I could reproduce the problem on a Virtualbox ubuntu 18.04 machine running on the same host as above. When the code compiled under arch or ubuntu 22.04 is run on 18.04 it immediately segfaults.
Could it be that memory limits are set differently on the different systems you are running on? Here’s an article which shows how you can use ulimit to check this: Restricting program memory | There is no magic here
Same problem on Linux Minit 20.3 with AMD Zen 3 processor and ifort 2021.7. However, setting the stack size to unlimited prior to execution fixes the problem ie
ulimit -s unlimited
Not sure why this effects the Ubuntu based distros. I thought allocatable arrays always were put on the heap not the stack.

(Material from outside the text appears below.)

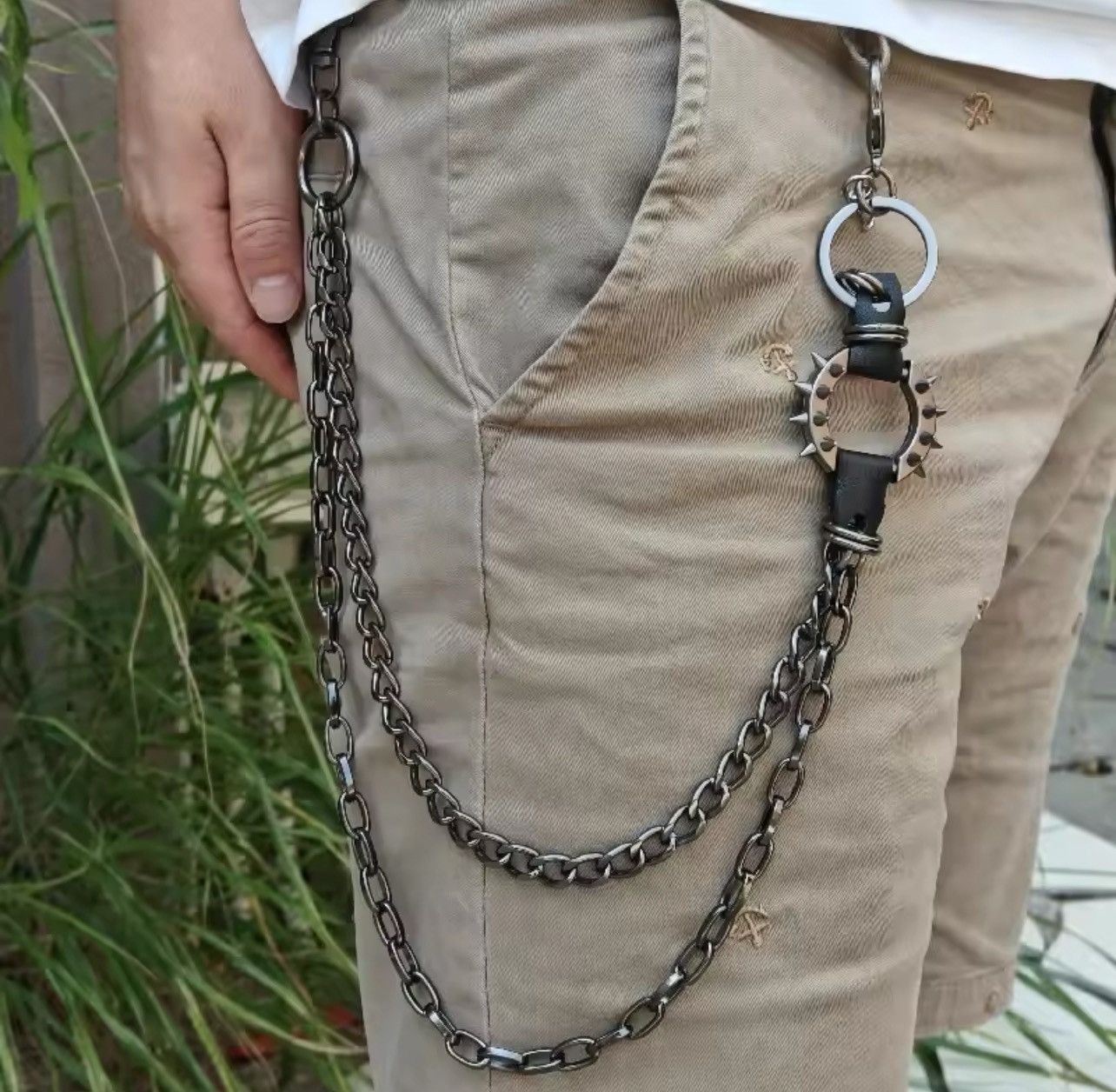 Jean × Vintage Retro Willow Nail Black Gun Plated Metal Chain Size ONE SIZE - 1 Thumbnail
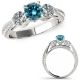 Blue Diamond Three Stone Beautiful Bridal Ring Band 14K Gold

Note NVIDIA fortran doesn’t appear to have this problem so it looks like an Intel ifort issue. Probably sees the AMD processor and decides to not optimize something it normally would for an Intel processor.
However, I just figured out that one of our clients has deleted the delivered .bashrc … and checking the bashrc was the last thing I was thinking about … and of course, when I just adhoc installed a ubuntu 18.04 guest I forgot to adjust the bashrc … (headbang) …
After making the above changes everything seems to run
Thanks for pointing me to the trees while I was looking into the forest
Yes, I thought it was due to a temp array after my last post. what is interesting is that ifort (and ifx too) aren’t able to optimize the temp array out. Latest NVIDIA nvfortran doesn’t have this problem so I’m guessing it either doesn’t use a temp array or can optimize it out.
A compiler can do this in many different ways. One way would be to create the RHS array at compile time, and then assign it to the allocatable array a(:) at run time. If your compiler does this, then the executable will be about 800MB in size. Another way would be to create the RHS at runtime. The executable will be just a few KB in this case. If it creates the RHS on the stack, then it could run into the stack limit, as others have discussed already. Another way would be to compile the code as if it were written
allocate(a(n))
do i = 1, n
a(i) = i
enddo
In this case, there would be a small executable size and no stack size issues. Another way would be to optimize away both the RHS array and the assignment as dead code since a(:) is never referenced. In this case, there would be a small executable and no stack size issues.
In an actual program, I would write it as above, with the allocate statement and the do loop. That way the success of the code would not depend on how clever is the compiler optimization.
This option puts automatic arrays and arrays created for temporary computations on the heap instead of the
stack.
When this option is specified, automatic (temporary) arrays that have a compile-time size greater than the
value specified for size are put on the heap, rather than on the stack. If the compiler cannot determine the
size at compile time, it always puts the automatic array on the heap.